Yes! The workloads are the practical and vital info that should really be put into overview sections like Getting Started. Even if they simply link it at the bottom and say: “For further reading, see: ”. Vital information is often buried in the docs.

I can hear the know-it-alls going: “you should read 100% of all the docs then!” To which I say: fine, you should read all the docs of C# before you start using it. The thing is, I don’t retain everything I read. I retain everything I USE, so I read a little, use it so I don’t forget it, and then read some more when I need to know more, and then I use that, and so on. Not everyone has a photographic memory that can memorize all the docs in their entirety, let alone memorize all bits of information that aren’t relevant until that particular situation arises. If you possess such a memory, congratulations. I’m happy for you. Don’t be a jerk about it.

Async code isn’t particularly difficult, and it’s single threaded in Unity.

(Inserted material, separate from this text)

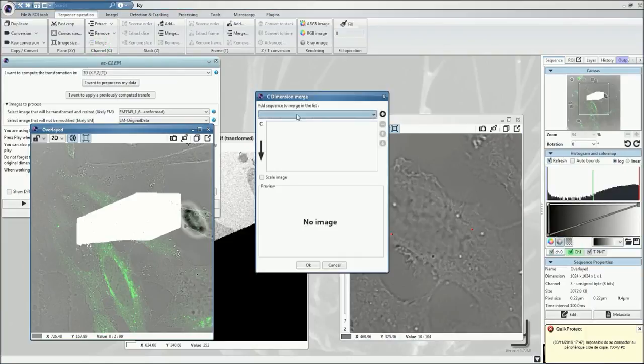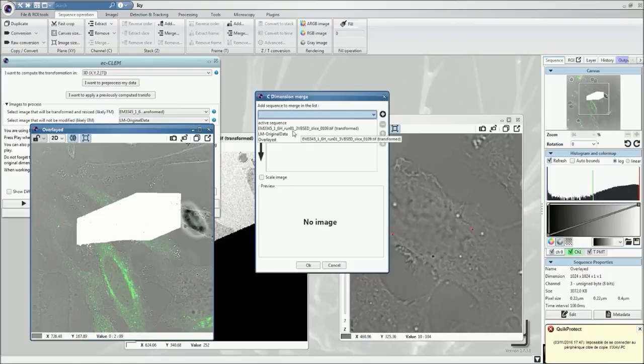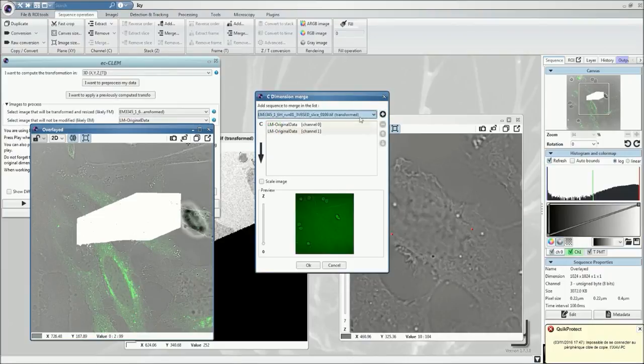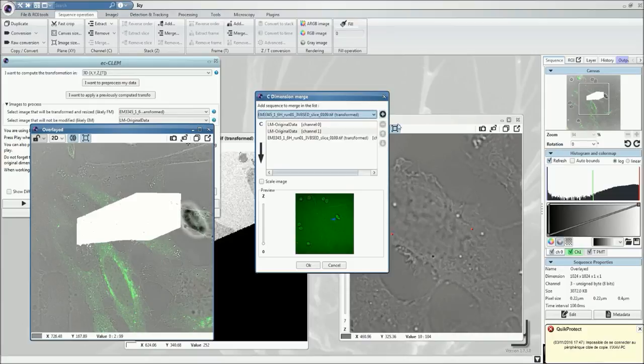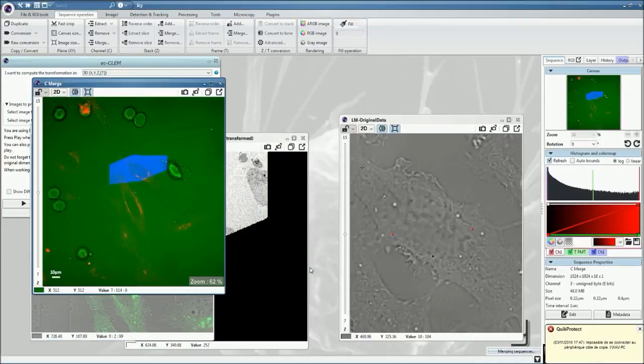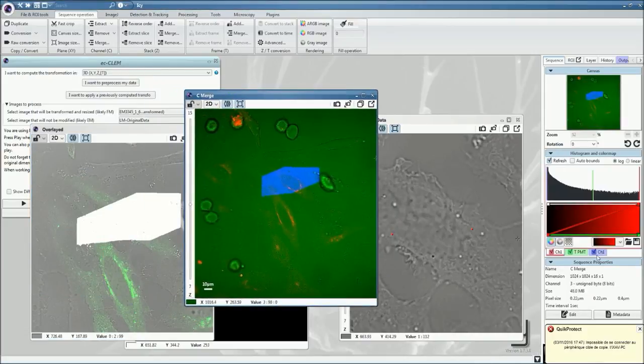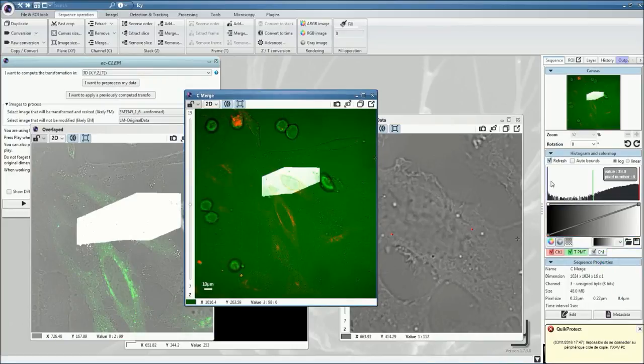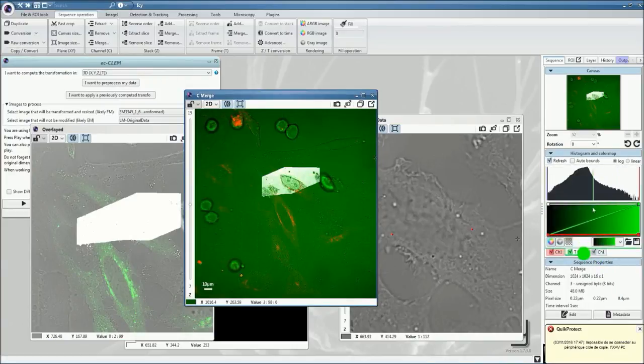Now, if you want to merge both signals together, you go in the two merged channels, take the fluorescence micrograph here, add it, you have two channels displayed, take the electron micrograph, add it, and then create the whole volume.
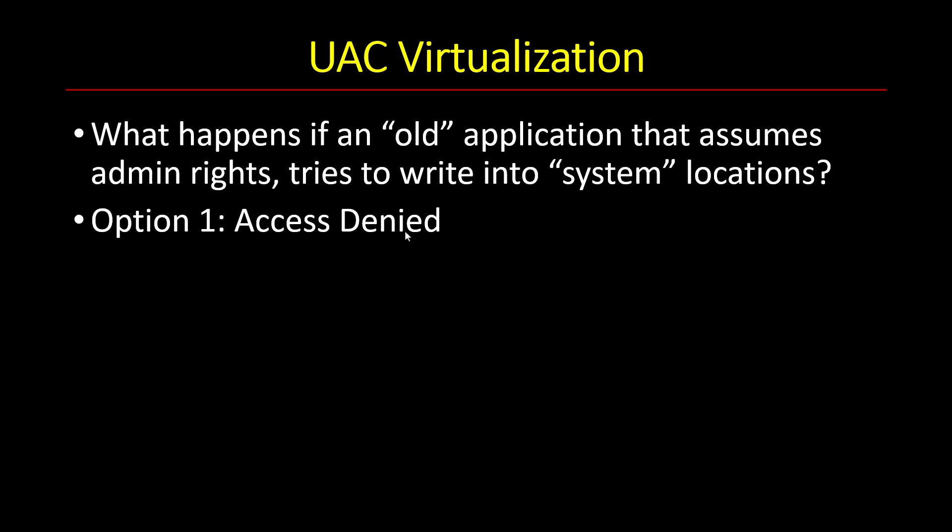And the user will have to somehow elevate so that that application will run with admin rights. So that could potentially work. But users don't necessarily know how to do these kinds of things. They just double click something and expect that to work. And if you get access denied, obviously users would be unhappy.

Hell, async code is just enumerators, just like coroutines!

Not sure what the rest of that part is about. Sounds like you maybe designed things poorly and created your own issues.

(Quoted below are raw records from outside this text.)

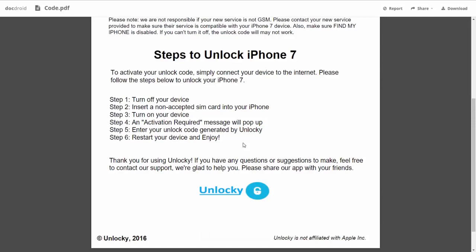The first thing you'll need to do is turn off your device. Then you're going to insert a non-accepted SIM card into your iPhone. Turn on the device, then you're going to receive an activation required message that's going to pop up.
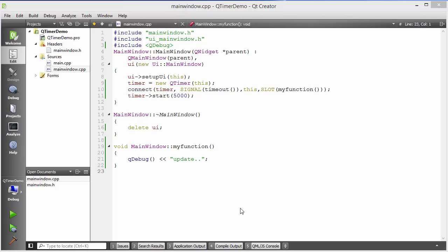Hello guys, welcome to the next video on Qt tutorial for beginners. In the last video I showed you how you can use the QTimer class in Qt. Now in this video I'm going to show you how we can use the QTimer class to create a digital clock in Qt. So let's get started.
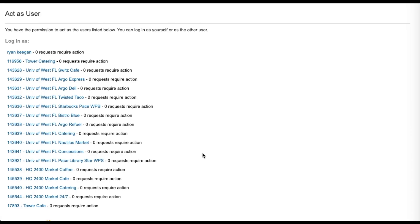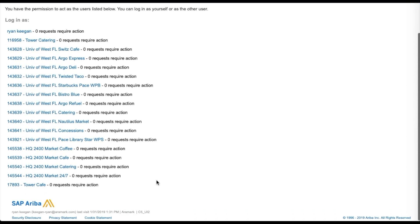After logging into Ariba, the Act as User screen is displayed. This screen allows the user to select the desired purchase location to place orders, receive orders, and see related financial information.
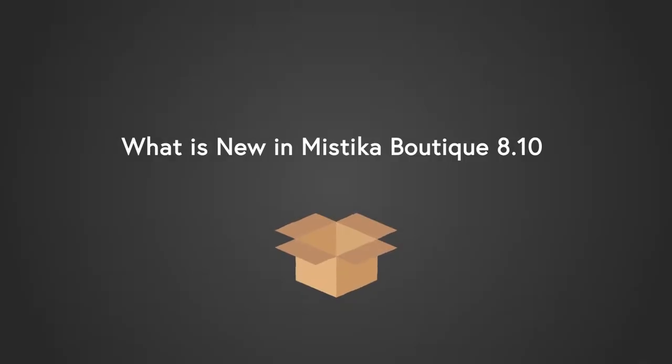Hi, in this video we are going to see the most important new features in Mystica Boutique 8.10, so let's start.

I mean I learnt to use Addressables and the new Input system within a few months of starting to use Unity. They’re not particularly difficult. I’m sure I could learn to use Netcode and Entities whenever I have the need for them.

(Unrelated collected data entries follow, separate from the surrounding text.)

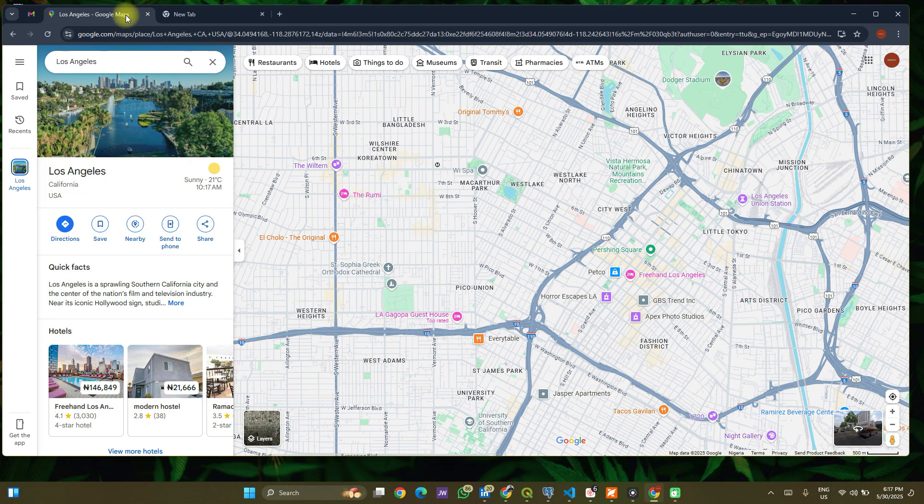Hello everyone and welcome to Special Data Hub. In this video, I will show you how to use Google Street View — some simple tricks that will help you explore any location in 360 degrees in the locations where Street View is available. Do subscribe, like this video and support the channel.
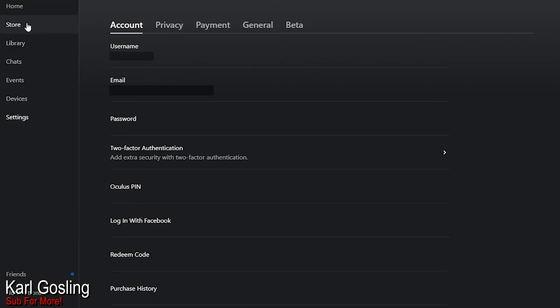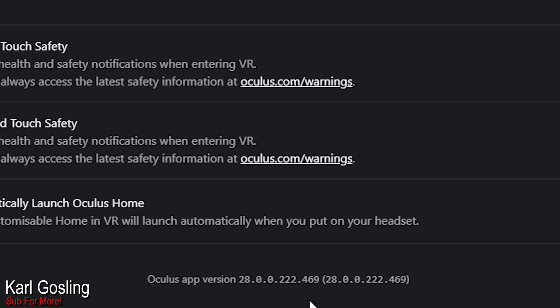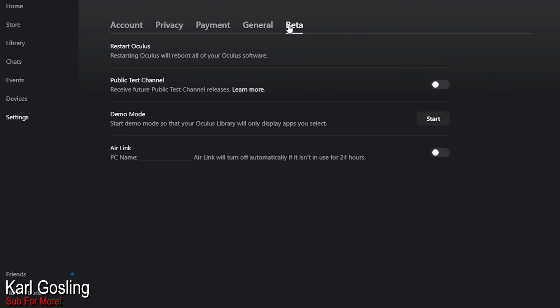Today is just talking about the differences between the two. First, how to get it working — it's pretty simple. Load up your Oculus software and make sure you've got the latest version, which at time of recording is version 28.0.0.222. Go under your General tab and scroll to the bottom. Then go to your Beta tab and you'll see the Air Link option at the bottom. Press the button and it will turn on. Note: this only stays on for 24 hours if it hasn't been used.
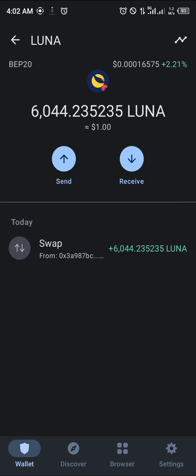All right guys, comment down below if you have any questions concerning how to add Terra Luna 2.0 to your Trust Wallet and you'll be given an answer.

Also your stance kinda just eventuated into calling everyone else a bad developer. Not a great look.

I went through several rewrites of some sections after running into problems that I wouldn’t have run into if the gotchas were clearly outlined in the docs.

Also, async code is not “just like coroutines”. If you set up an async to delete an object after a few seconds delay and then exit play mode, it will delete your object in edit mode. Coroutines also sit on the main thread while asyncs use the job system. It means that if a coroutine were to hang in an infinite loop, your game would grind to a halt, whereas, if an async were to hang on an infinite loop, your game would continue with that infinite loop running in the background.

Let’s see you try! I don’t want to hear from you until you do.

Are you trying to provoke a rise out of me? Why are you even here on a weekend? Sometimes victims of abuse will get so used to abuse and confrontational situations that after they leave their abuser they’ll go to great lengths to provoke the ire of complete strangers around them because being in a civil environment makes them very uneasy. Sort of like how sometimes, long-term convicts who have served their sentences will commit crimes so they can get back into jail because living free is too different for them to bear.

Literally no mentally healthy person that I know would spend their time going around on forums to try and dunk on others in this manner when there are so many better things to do. I’m really sorry for your condition but it’s far beyond my pay grade and I do not have the necessary credentials to treat you.

May you find peace and healing. Somewhere else that isn’t here, Twitter (or Mastodon.)

What? No it won’t. They would be different objects. The scene you play in play mode is a different instance to the one you edit. It would probably throw a missing reference exception, actually, because the object it’s reference has been destroyed.

Also… not true… Aync code in Unity is handled by a special synchronisation context, which you can see here in the code reference: https://github.com/Unity-Technologies/UnityCsReference/blob/master/Runtime/Export/Scripting/UnitySynchronizationContext.cs

Async code still just runs on the main thread in newer versions of Unity, which is what allows us to use it along with the rest of the Unity API. There’s no Job system happening here.

Starting to feel this is less about issues with the documentation and more due to some strange ideas you have about how Unity works.

I’ll do it when I need to use them. Right now, I don’t need to use them.

Never used twitter. Don’t use any social media, actually.

Any way your posts are starting to sound a little… unhinged. I’ma leave you to your nattering.

Closed because:
a) pointless arguing
b) documentation != training materials/tutorials.